→ **RECORD EXTRACTS**:
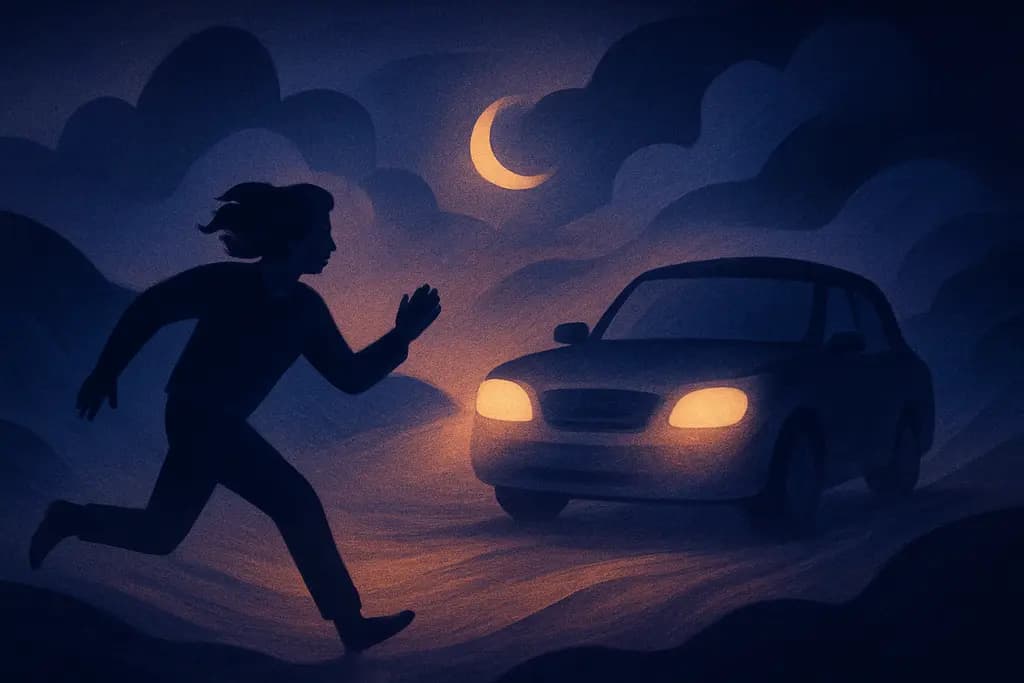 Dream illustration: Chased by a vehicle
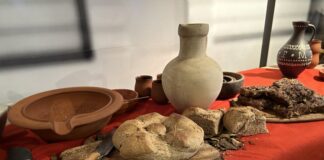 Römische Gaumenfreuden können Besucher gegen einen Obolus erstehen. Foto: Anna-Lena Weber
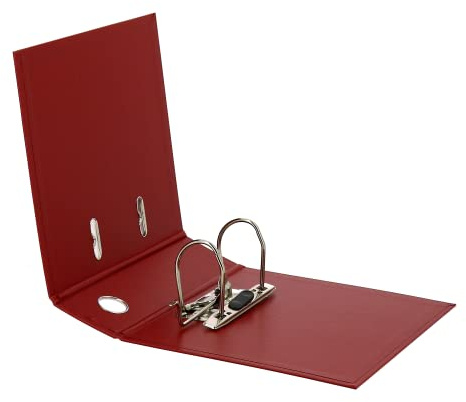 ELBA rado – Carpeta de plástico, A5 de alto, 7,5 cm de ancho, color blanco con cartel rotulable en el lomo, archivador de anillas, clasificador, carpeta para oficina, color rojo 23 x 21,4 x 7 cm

--

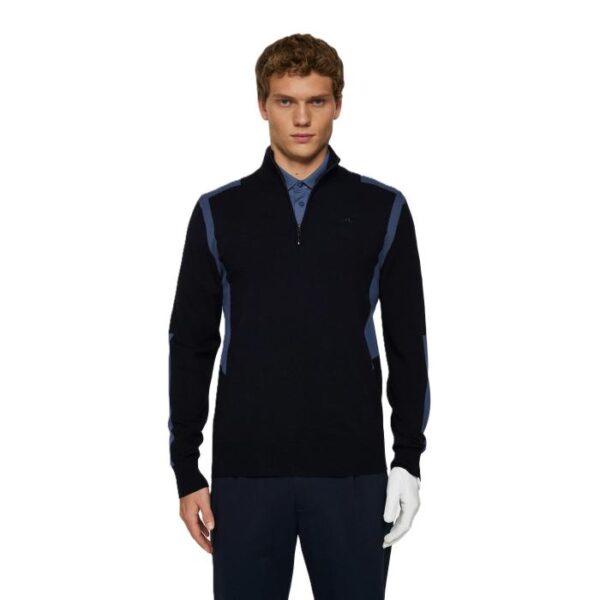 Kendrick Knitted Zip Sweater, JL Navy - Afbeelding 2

→ **PROBLEM TO SOLVE**: Now transcribe the lines above exactly, starting at the line containing "Dream illustration: Chased by a vehicle" and ending at the line containing "ELBA rado –", both lines included, pictures excluded.

→ **YOUR RESPONSE**:
 Dream illustration: Chased by a vehicle
 Römische Gaumenfreuden können Besucher gegen einen Obolus erstehen. Foto: Anna-Lena Weber
 ELBA rado – Carpeta de plástico, A5 de alto, 7,5 cm de ancho, color blanco con cartel rotulable en el lomo, archivador de anillas, clasificador, carpeta para oficina, color rojo 23 x 21,4 x 7 cm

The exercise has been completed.